How well do you understand young people? To reach them, first you must get to know them.
One fundamental of marketing: Know your audience. So if you are planning a youth event, you need to understand the kids.
Kathy Needham, the owner of Needham Marketing in Grand Rapids, Mich., is an expert at reaching youth. Among her accomplishments are the development and launch of the Zonderkidz brand for Zondervan; development of the tween brands Faithgirlz and 2:52 Soul Gear for Zondervan; the negotiating of licensing agreements involving Veggie Tales books and The Chronicles of Narnia gift products; and the management of The Beginner's Bible, a storybook brand for children.
Needham says that if you are planning a youth event, make sure that you have a youngster from the target age group consulting for you.

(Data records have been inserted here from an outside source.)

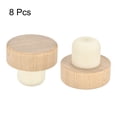 thumbnail image 3 of Unique Bargains 0.93x1.65inch T Shaped Reusable Sealing Wine Stopper Bottle Plugs, Khaki 8Pack, 3 of 6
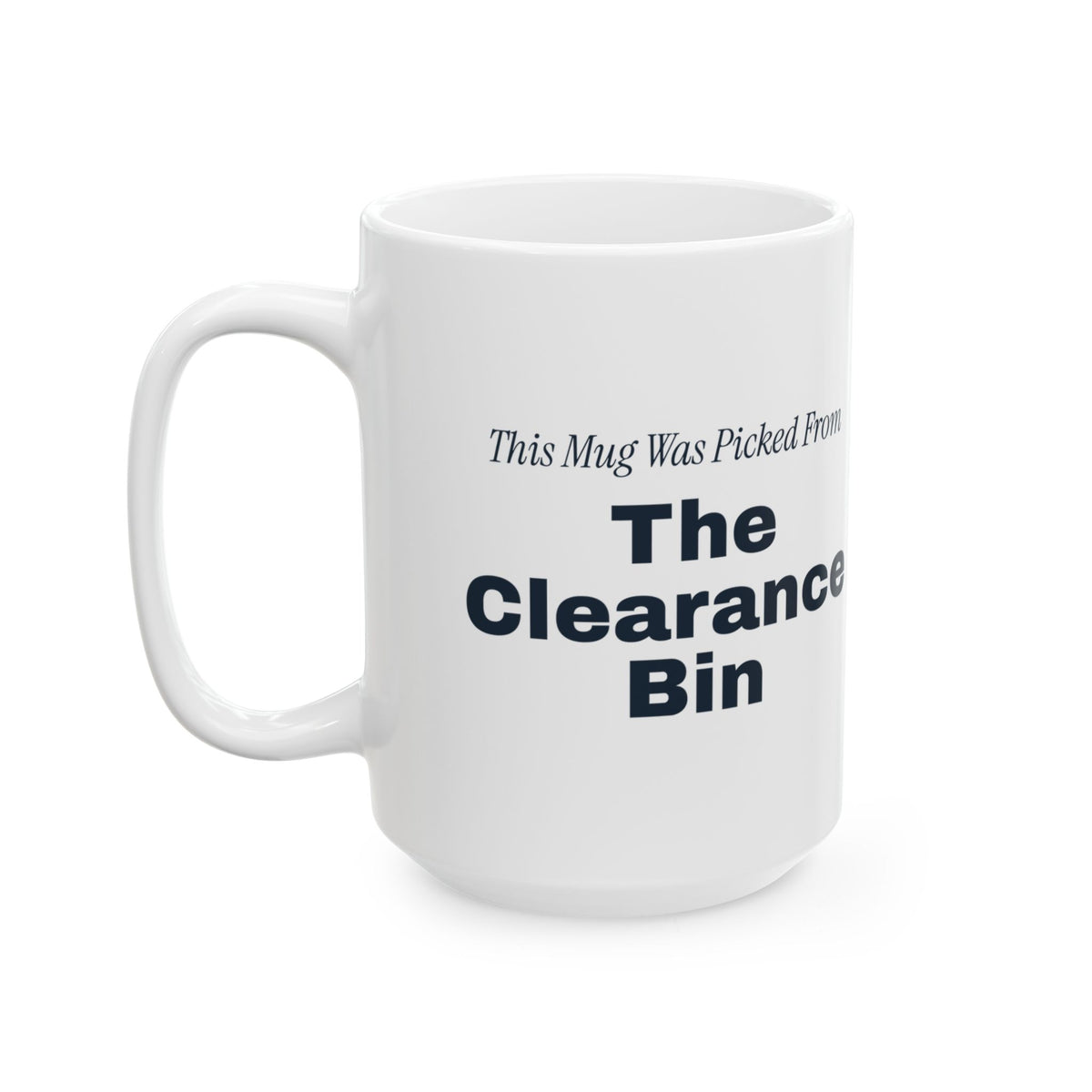 Funny White Elephant Coffee Mug Picked From The Clearance Bin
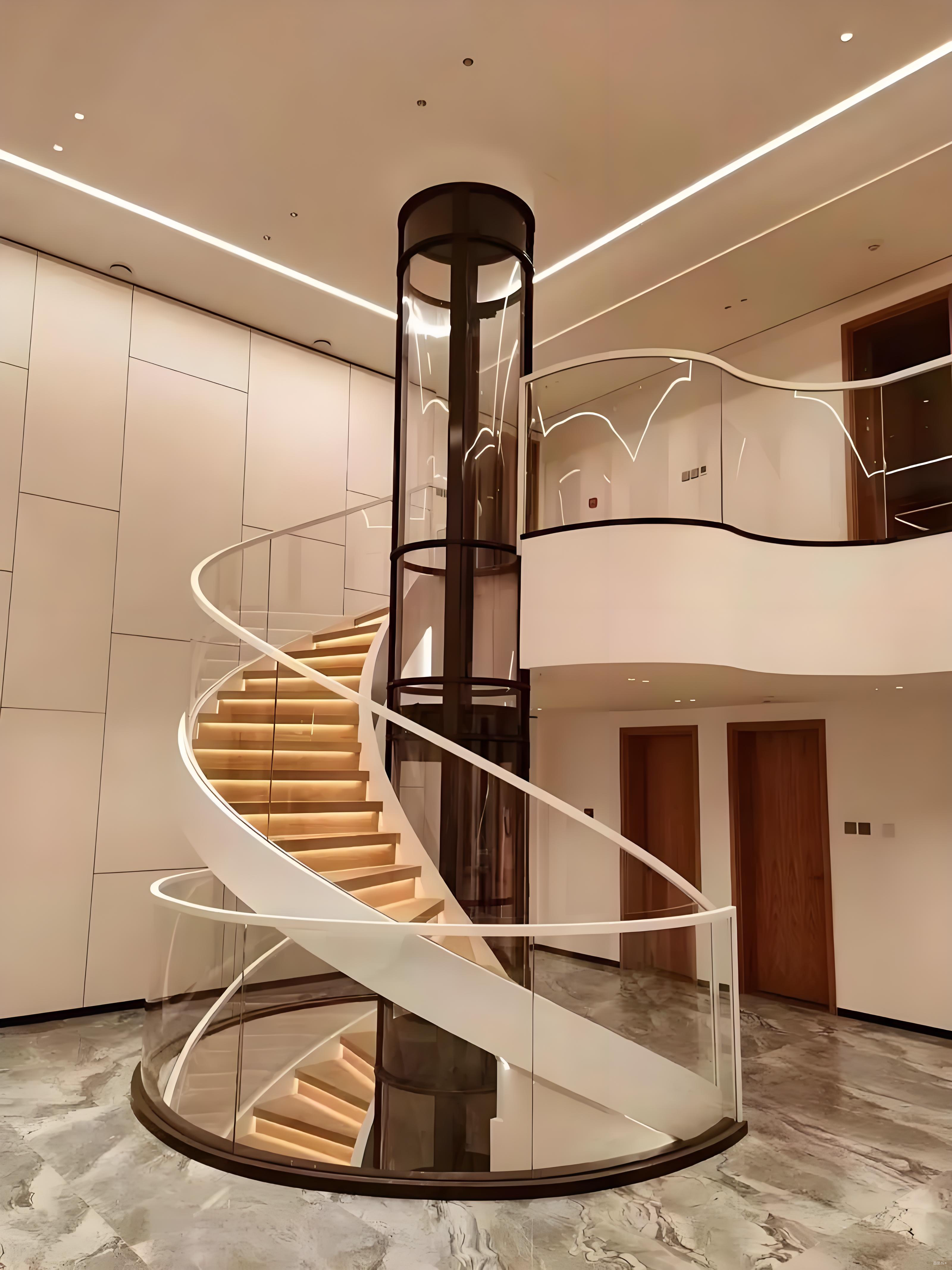 卷板楼梯安装实例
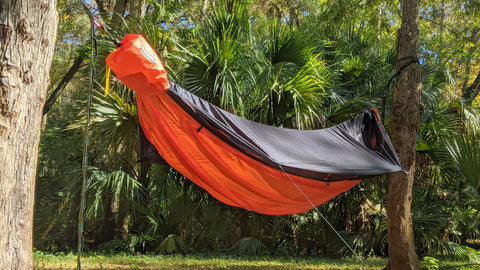 Burnt Orange GO! Camping Hammock 2.0 - Go Outfitters brand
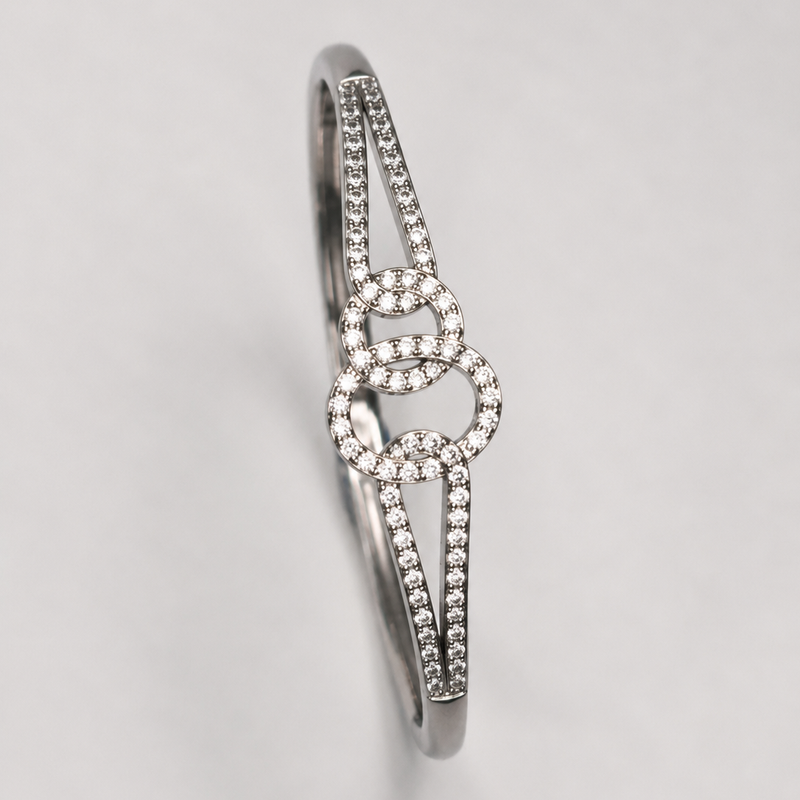 Éterne Link Pavé Bangle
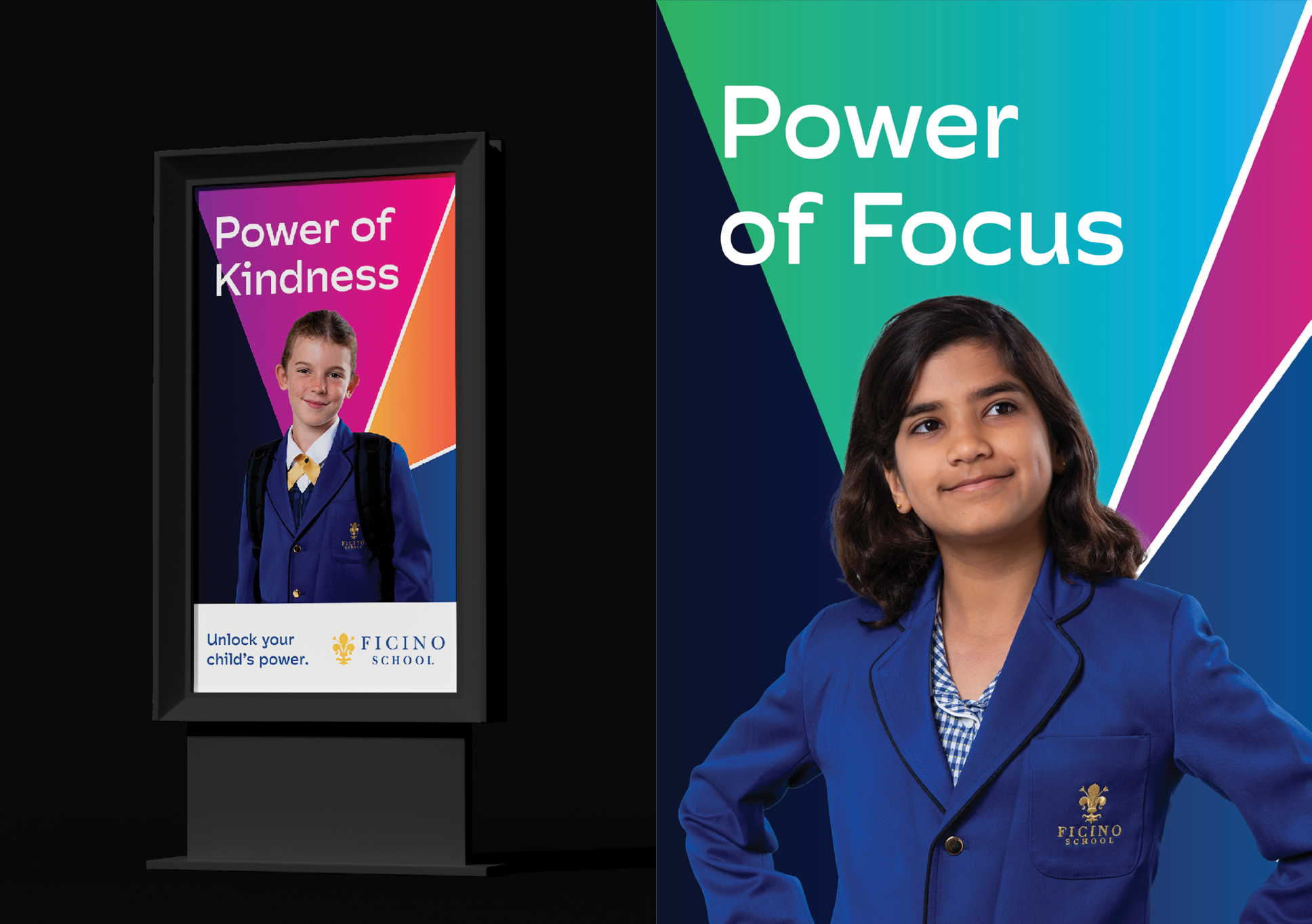 Ficino School adshel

Also, to create an event that appeals to both the kids and the parent or youth pastor, go ahead and be edgy, but appeal to the adults that the kids will be safe. (“Edgy” to kids is anything that they perceive as being taboo.)

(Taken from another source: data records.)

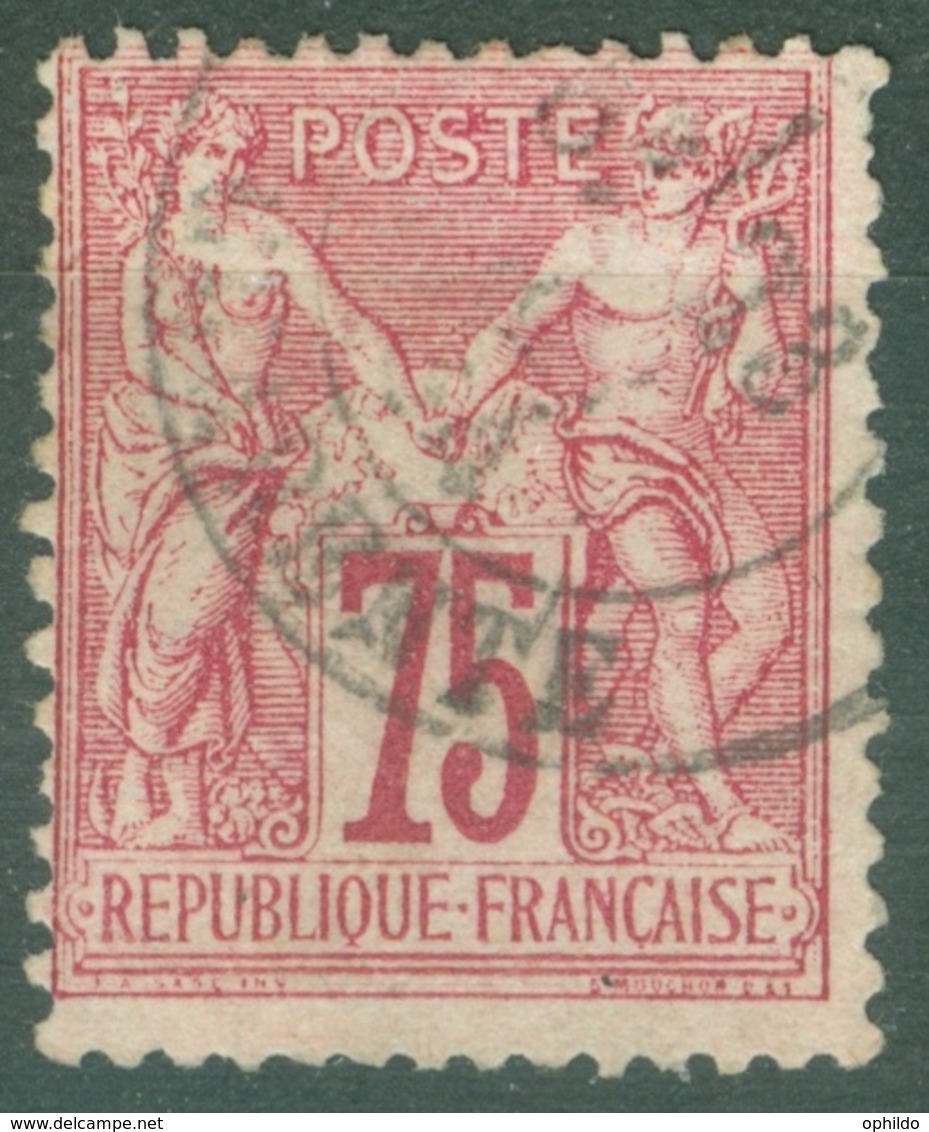 France 71 Ob B/TB - 1876-1878 Sage (Typ I)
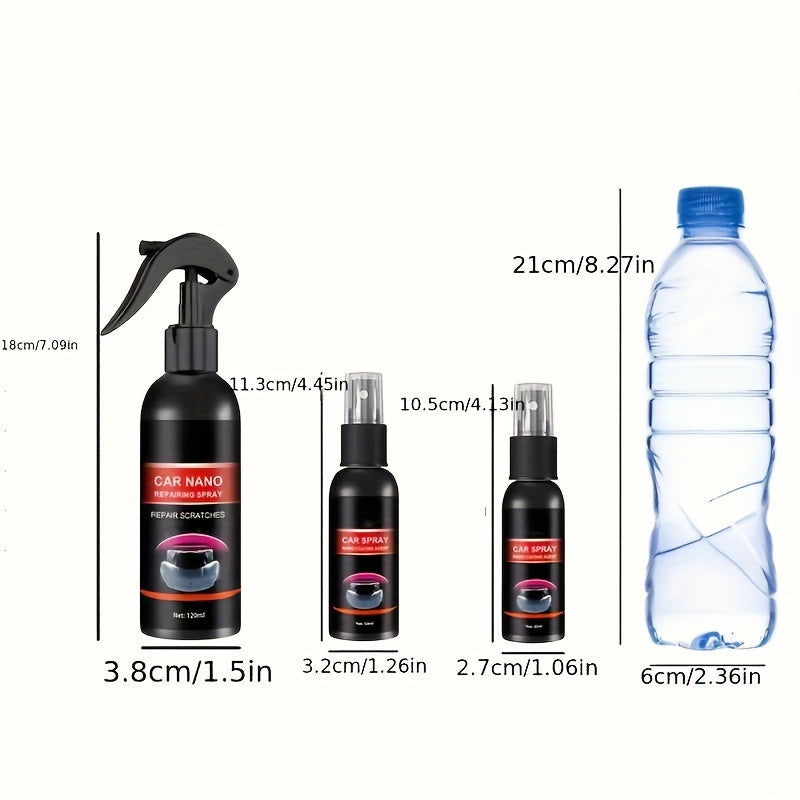 Nano Ceramic Coating Spray - Ultimate Car Paint Protection and Hydrophobic Glass Coating Repels Water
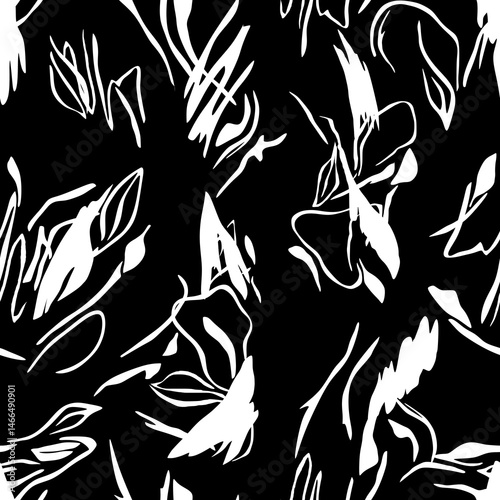 Seamless abstract hand drawn pattern. Vector Illustration.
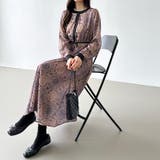 ロングワンピース フレンチスリーブワンピース ダマスク柄ワンピース | COCOMOMO | 詳細画像20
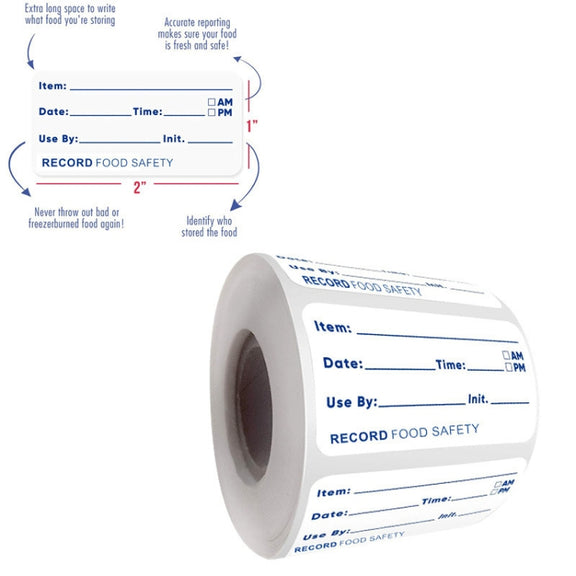 Food Date Sticker Label, Size: 7.5 x 2.5cm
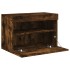 Mueble de TV de pared con luces LED roble ahumado 60x30x40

At RCMA 2009, Needham offered the following information for understanding youth.
When Reaching Out
You need to know what drives kids:
- Control. They like to think they are in charge.
- Aspiration. They want to be treated as if they are older, smarter, richer, and stronger than they really are.
- Excitement. They like to stretch boundaries.
- Boys are different from girls. For example, every seven minutes, males have a surge of adrenaline.
- Keep their age front-of-mind.
- Be able to speak their language.
Think Like a Kid
Kids really enjoy balls, exploring, animals, new information, dinosaurs.
What Kids Choose
During their free time:
1. 86 percent play games.
2. 84 percent go online.
3. 80 percent listen to music.
4. 66 percent pray at least once a week, and 40 percent pray daily.
5. 66 percent go to the mall at least once a week.
7. 51 percent watch TV or videos.
8. 27 percent send? instant messages.
9. 12 percent? participate in chat rooms.
Source: Youth Market Alerts
- 50 percent to 70 percent of 12- to 14-year-olds have a cell phone
- These themes are popular: space, travel, museums, zoos, Olympics, technology, charity, recycling, languages.
- Peer-to-peer marketing is faster than any other form of marketing; kids will believe their friends.
- Kids think of themselves as having an audience.
- Youth today are archiving their adolescence, using digital tools.